= MATERIAL FOR THIS TASK =
━━━━━━━━━━━━━━━━

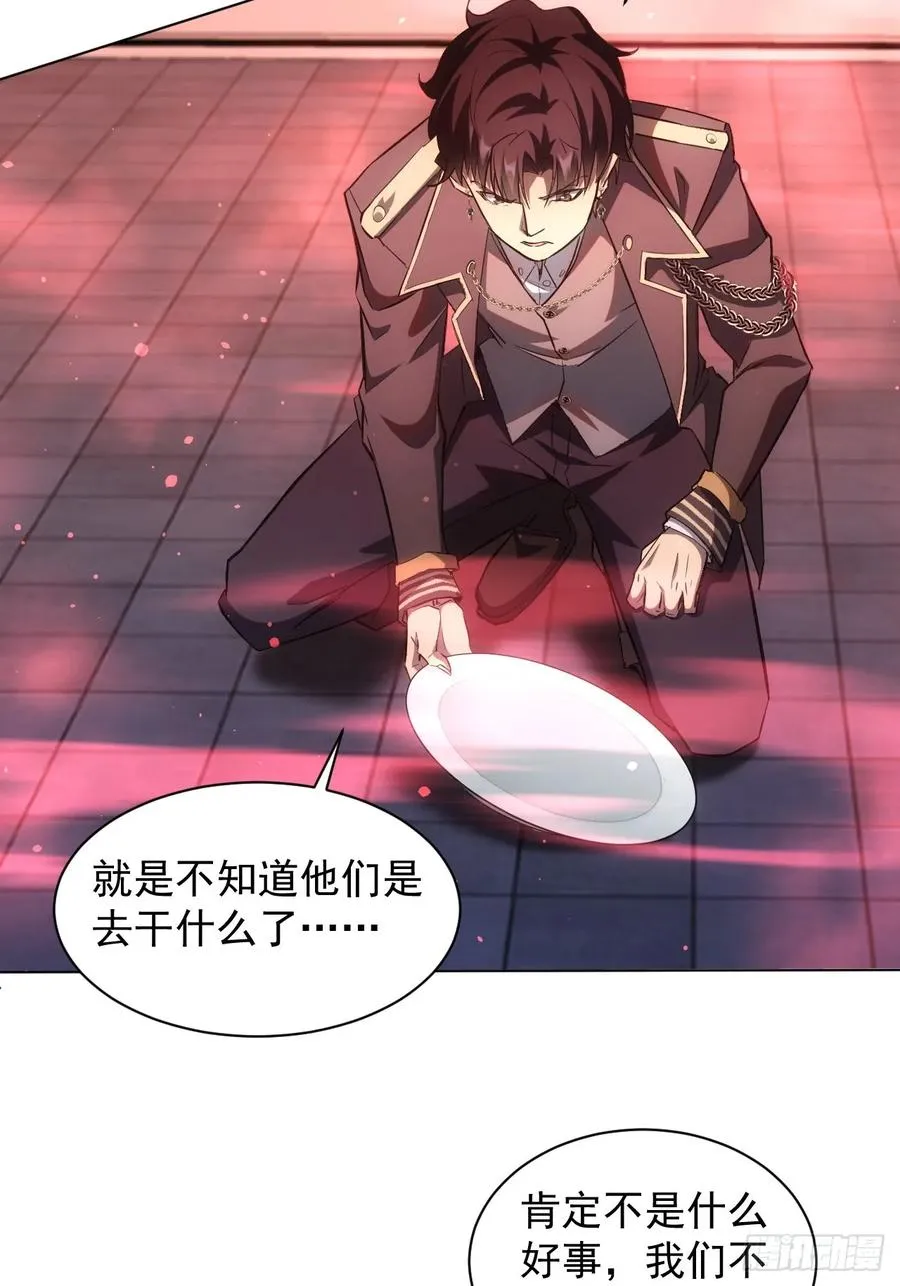 第5话 破局之法 第26页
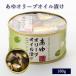  консервы .. оливковый масло ..150g [... магазин .../ AOKA ] форель .. айю местного производства консервы оливковый масло .. закуска гарнир рис. ..
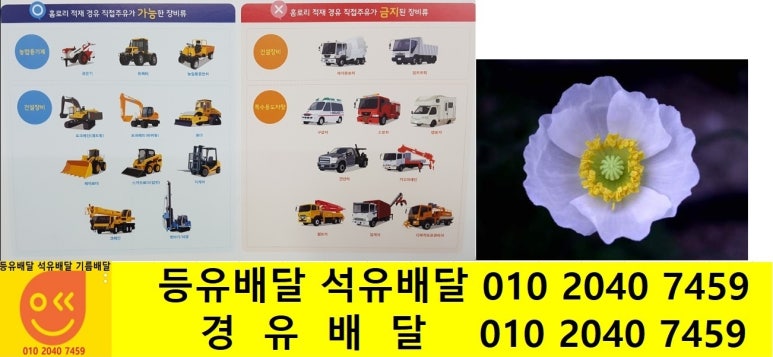 번도리주유소 이미지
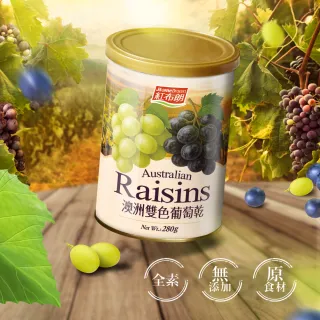 【紅布朗】澳洲雙色葡萄乾 280g
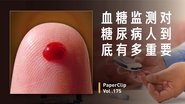 Episode 175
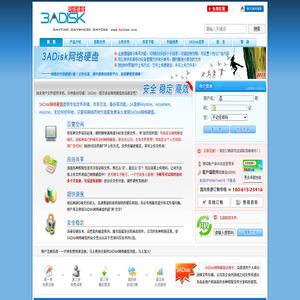3ADisk网络硬盘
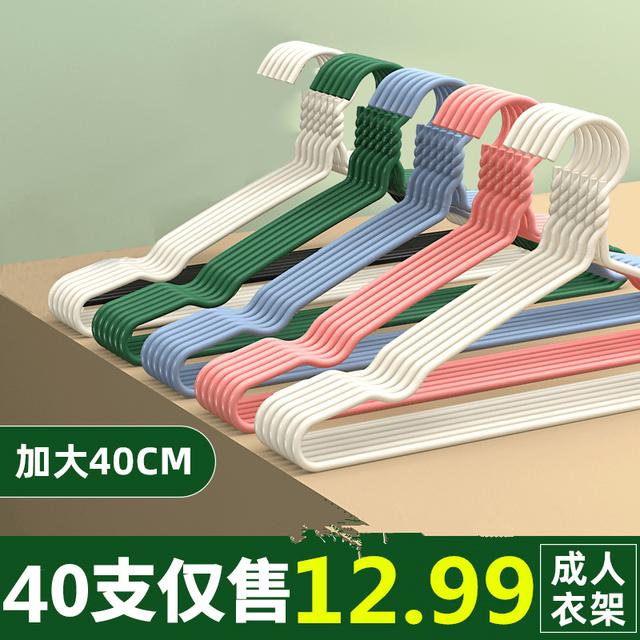 成人衣架子晒衣服架衣撑家用晾衣架无痕衣架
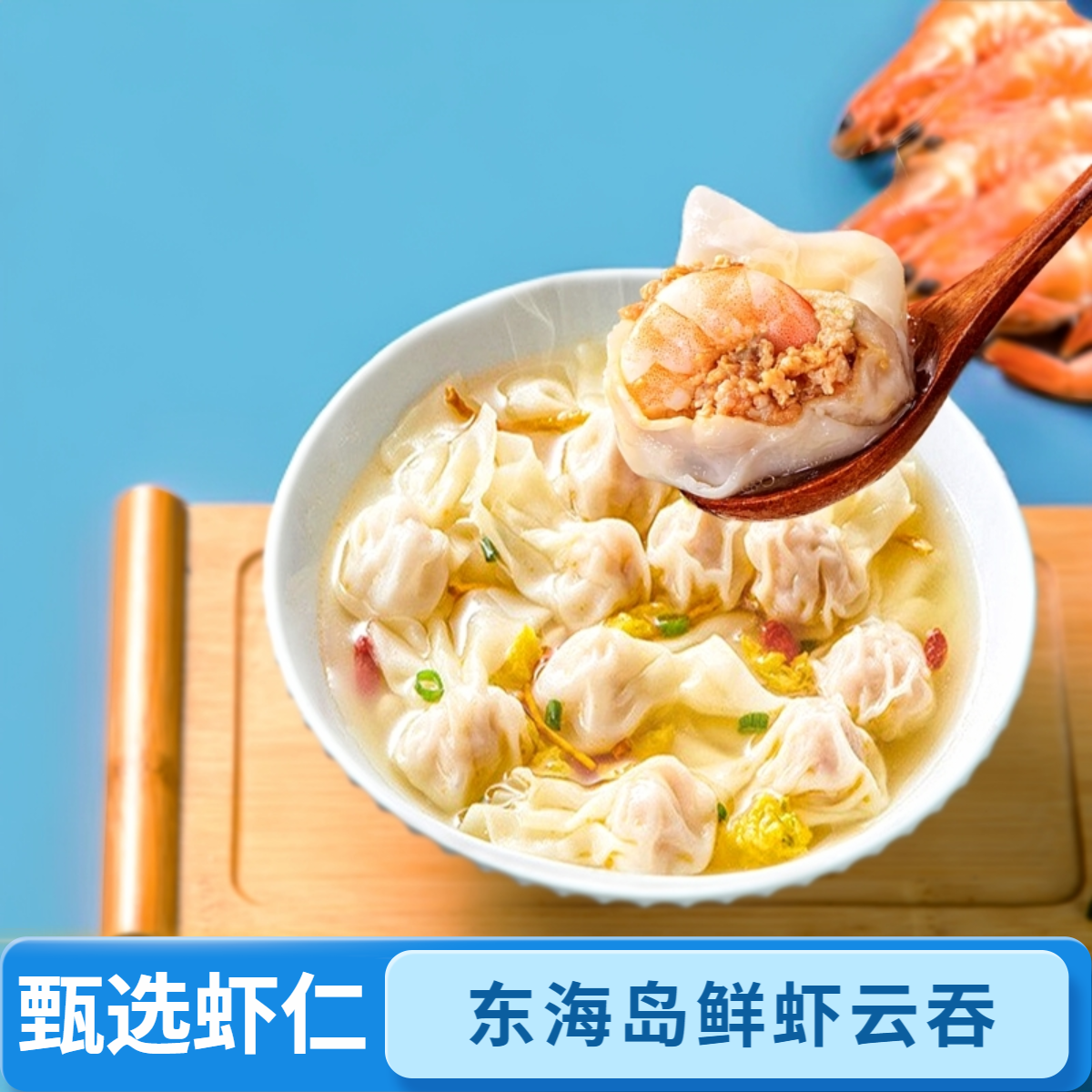 东海岛烫面鲜肉虾仁小馄饨美味早餐选择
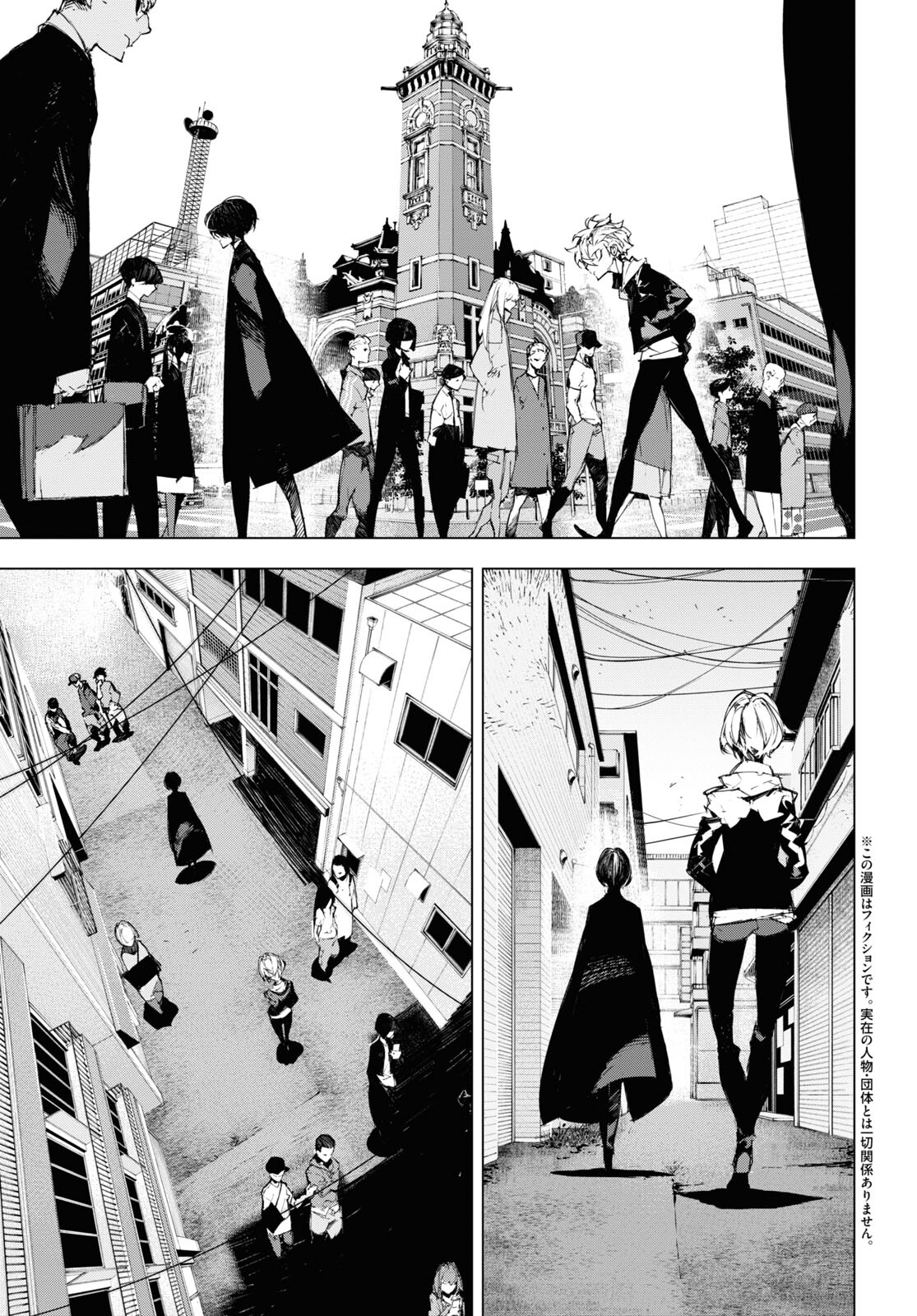 Bungou Stray Dogs: Dazai, Chuuya, Juugosai Chapter 5 4ページ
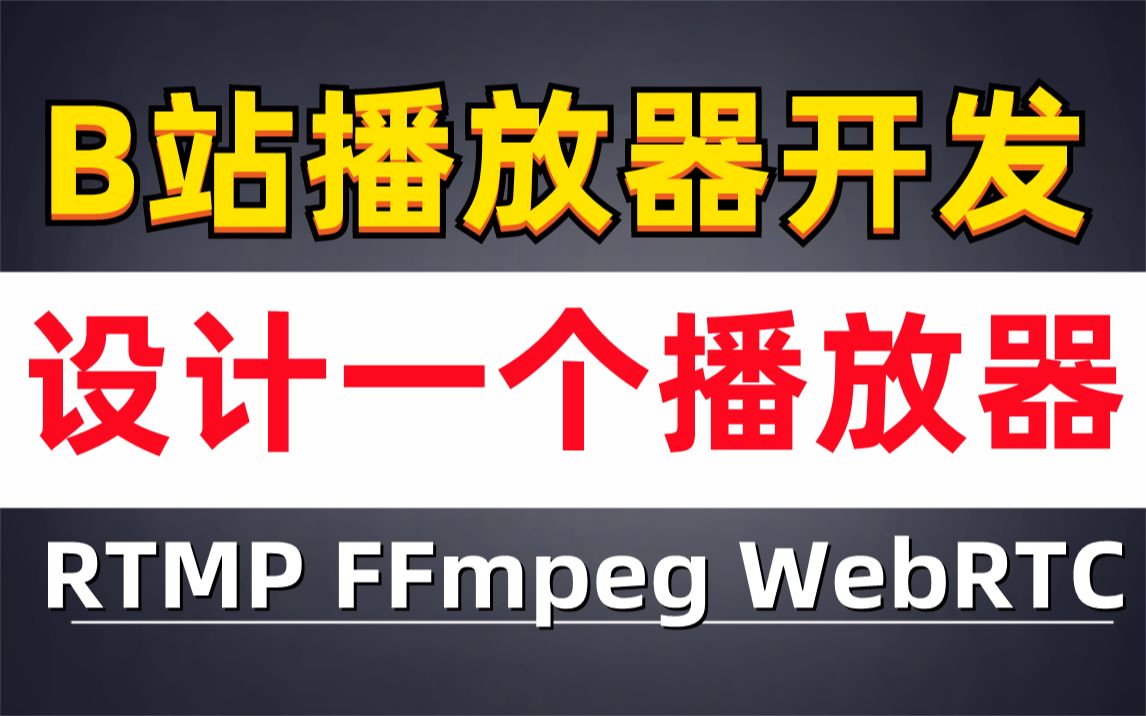 B站播放器开发设计一个播放器RTMP|FFmpeg|WebRTC C/C++/Linuxhls/rtsp/ffplay/srs哔哩哔哩bilibili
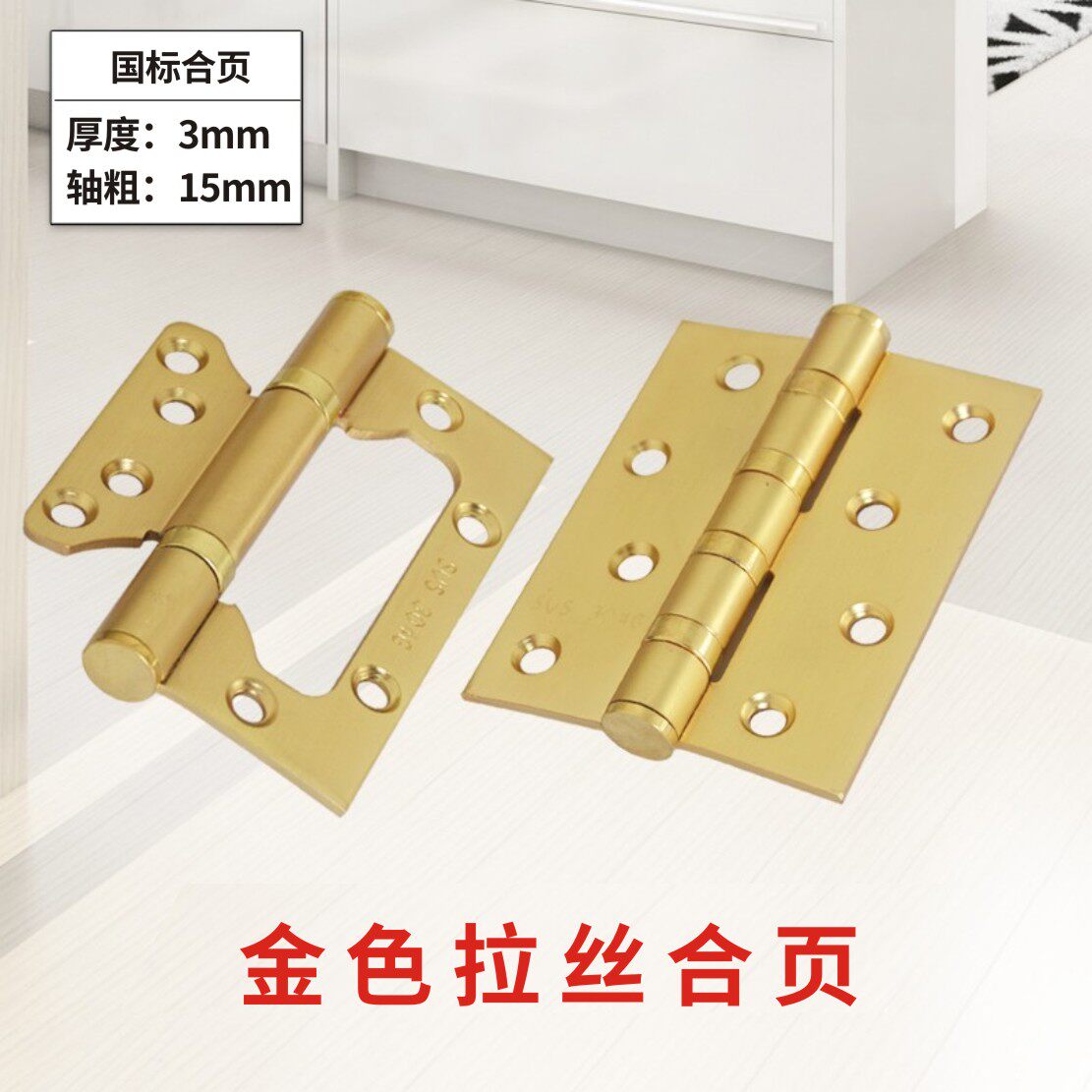 (1 slice price promotion) golden wire drawing submatt wood door 3 primary-secondary hinge flat open 0 free of notching 4 inch stainless steel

━━━━━━━━━━━━━━━━

= WHAT THE EXERCISE ASKS =
Print the material again, unchanged, without its pictures.

= SOLUTION BELOW =
 第5话 破局之法 第26页
  консервы .. оливковый масло ..150g [... магазин .../ AOKA ] форель .. айю местного производства консервы оливковый масло .. закуска гарнир рис. ..
 번도리주유소 이미지
 【紅布朗】澳洲雙色葡萄乾 280g
 Episode 175
3ADisk网络硬盘
 成人衣架子晒衣服架衣撑家用晾衣架无痕衣架
 东海岛烫面鲜肉虾仁小馄饨美味早餐选择
 Bungou Stray Dogs: Dazai, Chuuya, Juugosai Chapter 5 4ページ
 B站播放器开发设计一个播放器RTMP|FFmpeg|WebRTC C/C++/Linuxhls/rtsp/ffplay/srs哔哩哔哩bilibili
 (1 slice price promotion) golden wire drawing submatt wood door 3 primary-secondary hinge flat open 0 free of notching 4 inch stainless steel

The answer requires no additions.